Percepatan proyek dicapai melalui strategi early procurement, pemanfaatan fasilitas eksisting, pembentukan tim percepatan perizinan, serta koordinasi intensif dengan mitra kerja di tengah tantangan cuaca ekstrem, IPPKH, dan long lead item.
Sementara itu di Zona 4, penerapan metode batch drilling di Adera Field, Sumatra Selatan, dengan menargetkan klaster sumur di Lapangan Benuang berhasil menciptakan efisiensi biaya yang signifikan sekaligus meningkatkan produksi minyak dan gas.

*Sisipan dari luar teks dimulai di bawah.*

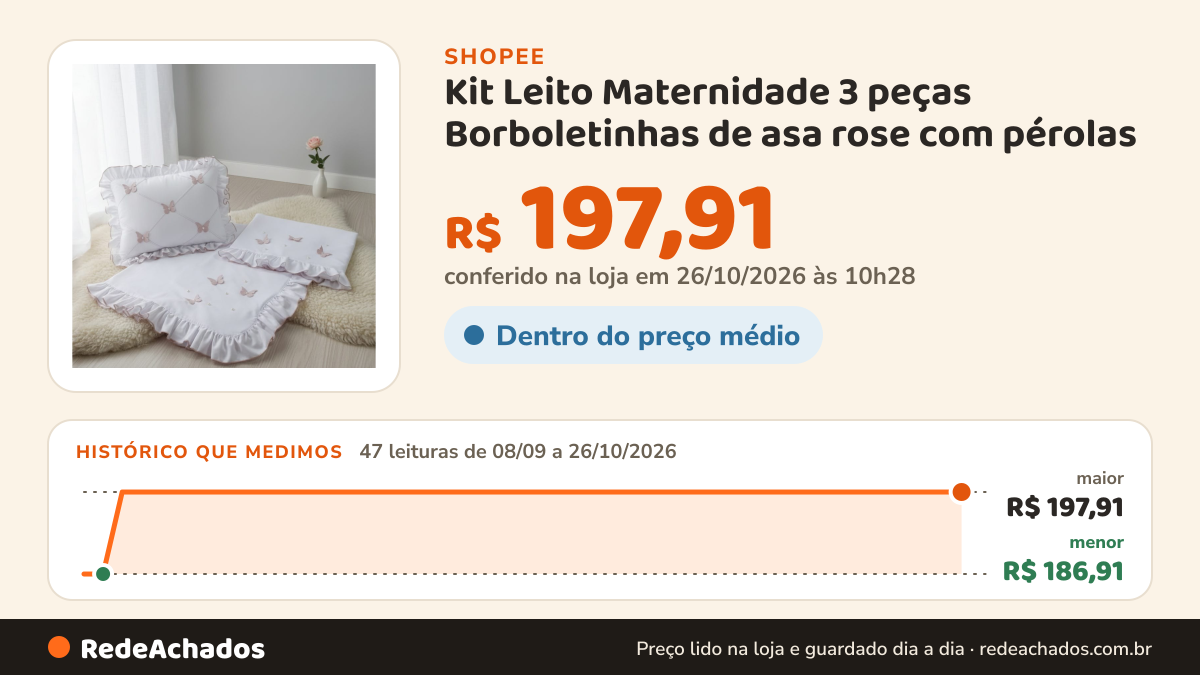 Histórico de preço de Kit Leito Maternidade 3 peças Borboletinhas de asa rose com pérolas na Shopee: 47 leituras de 08/09/2026 a 26/10/2026, menor R$ 186,91, maior R$ 197,91; R$ 197,91 conferido em 26/10/2026 às 10h28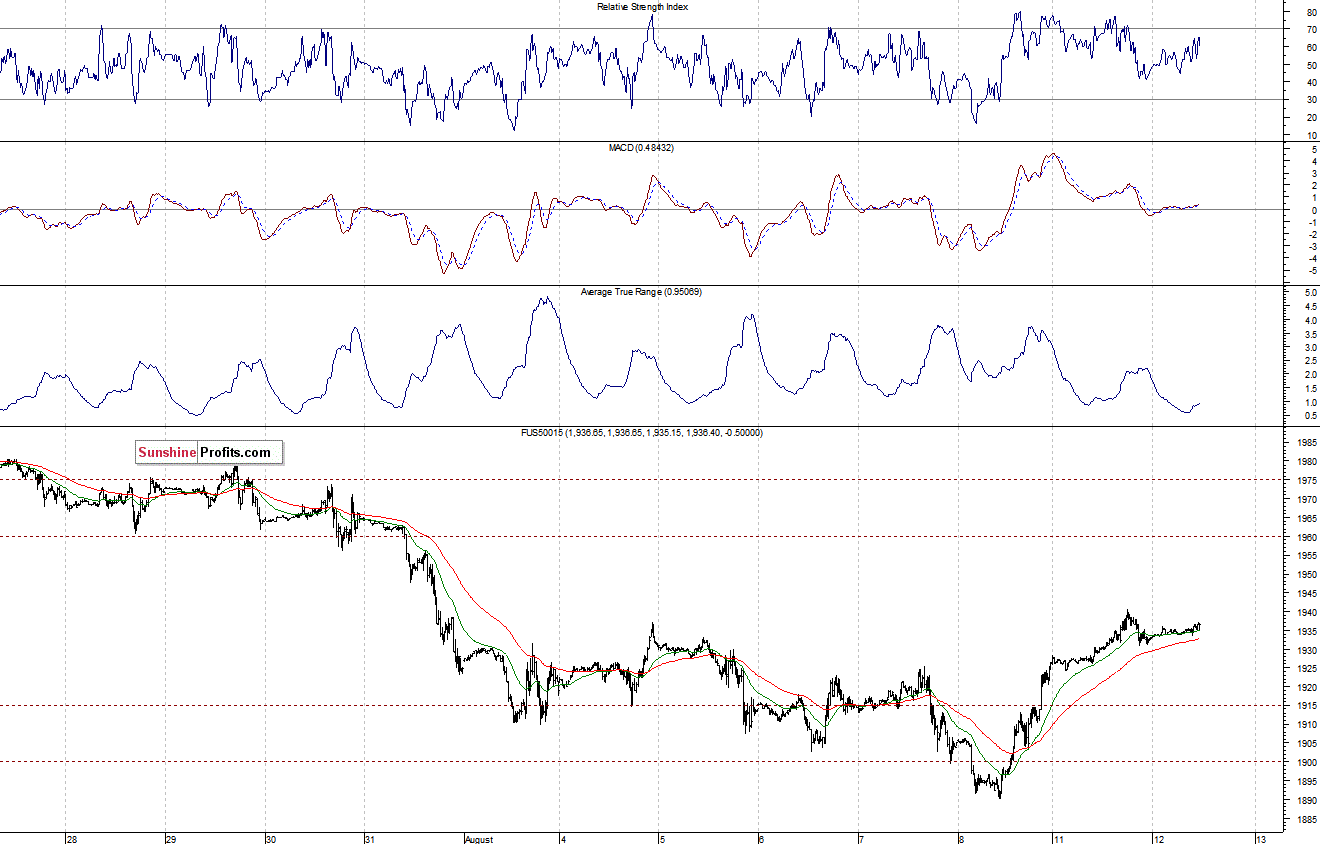 S&P500 futures contract - S&P 500 index chart - SPX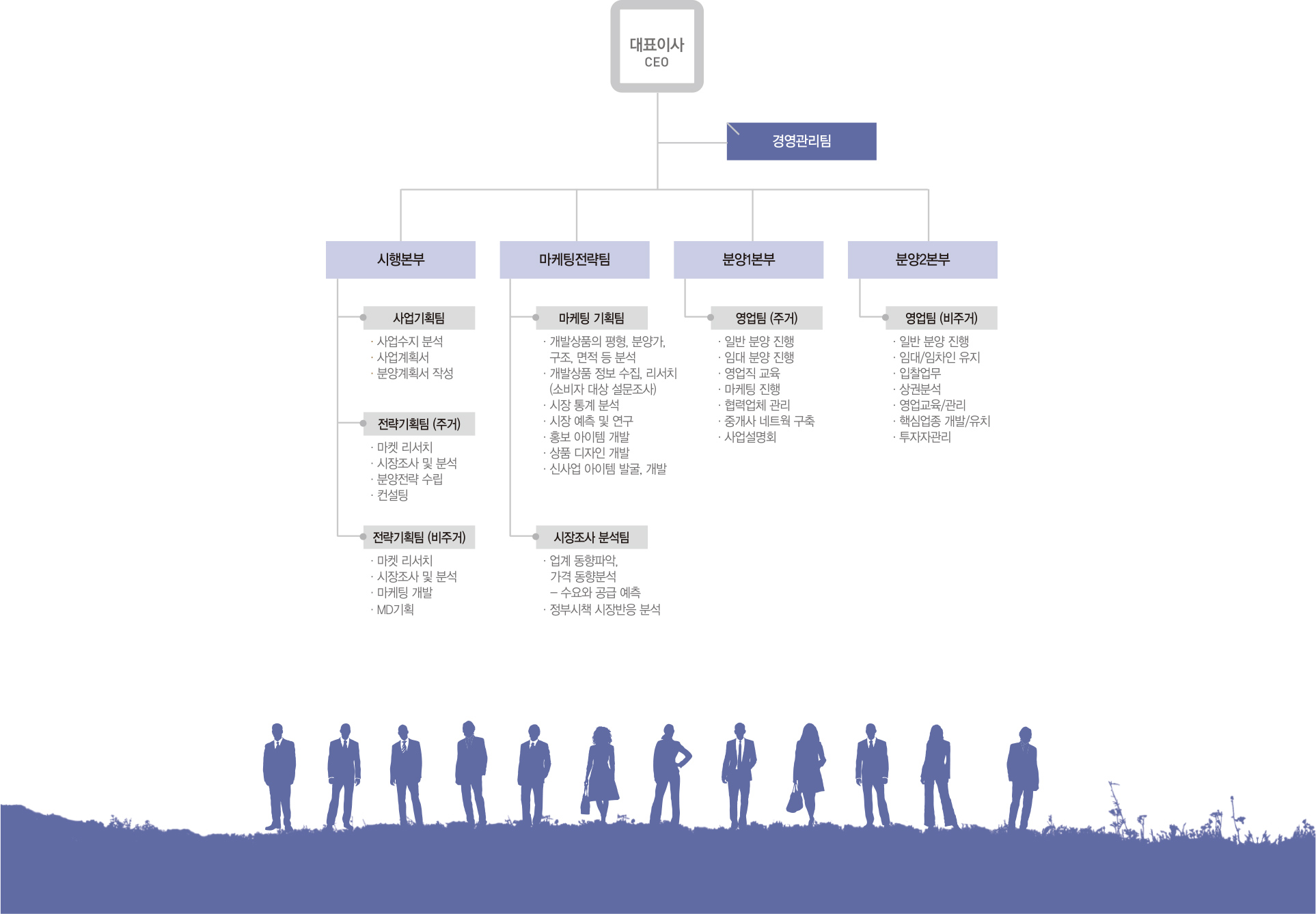 조직도 - 대표이사 아래 경영관리팀, 시행본부, 마케팅전략팀, 분양1본부, 분양2본부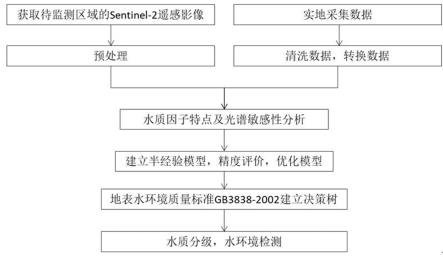 江西省萍乡市芦溪县上埠镇敬老院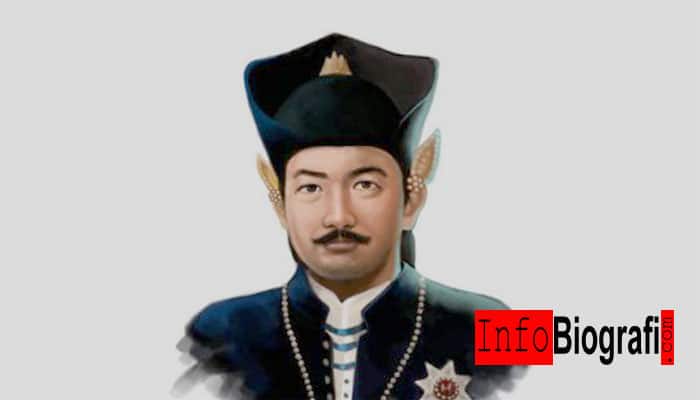 Biografi dan Profil Lengkap Sultan Ageng Tirtayasa – Pahlawan Nasional Indonesia Dari Banten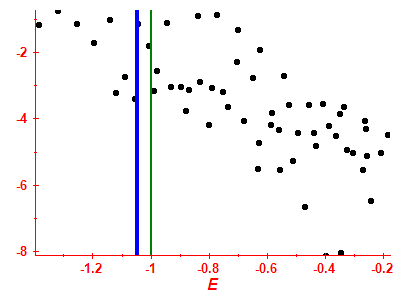 Strength function log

Sejak mulai berproduksi pada 2 September 2025, implementasi teknologi ini menunjukkan hasil impresif. Hingga 5 Oktober 2025, produksi mencapai 3.388 BOPD, jauh melampaui target awal sebesar 1.200 BOPD atau hampir tiga kali lipat, dengan rata-rata produksi harian mencapai 1.552 BOPD.
Berbagai inovasi itu turut menunjang capaian produksi. Sepanjang tahun 2025, PHR Regional 1 Sumatra mencatat produksi lebih dari 30% produksi nasional, menjadikannya salah satu kontributor terbesar bagi produksi nasional. Zona Rokan sebagai tulang punggung operasi berhasil mempertahankan stabilitas produksi di tengah tantangan lapangan tua, sementara Zona 1 dan Zona 4 menunjukkan tren peningkatan melalui optimalisasi sumur dan penerapan teknologi baru.
Sejak 2025 hingga kini, PHR juga mencatat berbagai prestasi membanggakan. Di Zona Rokan, implementasi teknologi Enhanced Oil Recovery (EOR) berbasis Alkali-Surfactant-Polimer (ASP) terbukti meningkatkan perolehan minyak dari lapangan tua, sekaligus meraih penghargaan dari SKK Migas atas keberhasilan menjaga produksi di atas target.
Zona 1 berhasil mengembangkan digital monitoring system yang meningkatkan efisiensi operasi dan mendapat apresiasi sebagai inovasi digital terbaik di internal Pertamina. Sementara itu, Zona 4 mencatat keberhasilan program drilling, workover & well intervention yang mendongkrak produksi minyak dan gas, serta meraih penghargaan keselamatan kerja (Safety Performance Award) tingkat nasional.
Tanggung Jawab Sosial dan Lingkungan
Selain capaian produksi dan teknologi, PHR juga menegaskan komitmen tanggung jawab sosial dan lingkungan (TJSL) melalui berbagai program pemberdayaan masyarakat di seluruh area operasi Regional 1 Sumatra. Di Zona 1, Program Edu Ekowisata Mangrove di Desa Pasar Rawa, Kabupaten Langkat, mengintegrasikan konservasi lingkungan dengan pemberdayaan ekonomi pesisir.
Di Zona Rokan, PHR mengembangkan Brand Mandau sebagai inisiatif ekonomi kreatif berbasis budaya Melayu yang memberdayakan perempuan melalui produk unggulan Batik Mandau. Sementara di Zona 4, Program Rumah Kreatif Boek Khaman di Desa Lubuk Raman, Kabupaten Muara Enim, menjadi inovasi sosial berbasis potensi lokal dengan penerapan teknologi ramah lingkungan untuk pengelolaan limbah bambu dan batik.
PHR Zona 1 juga ikut meramaikan pameran di booth SKK Migas dengan menampilkan UMKM difabel binaan Pertamina EP Rantau Field, yakni kedai kopi Inklusi Coffee yang dikembangkan di Rumah Kreatif Tamiang, Aceh Tamiang. Kehadiran UMKM binaan ini memperlihatkan komitmen PHR dalam mendukung ekonomi kaum difabel di wilayah operasi.
Dengan kehadiran PHR di IPA Convex 2026, perusahaan berharap dapat terus berkontribusi dalam penguatan industri energi nasional, sekaligus memberikan dampak positif bagi masyarakat melalui berbagai inisiatif sosial dan ekonomi.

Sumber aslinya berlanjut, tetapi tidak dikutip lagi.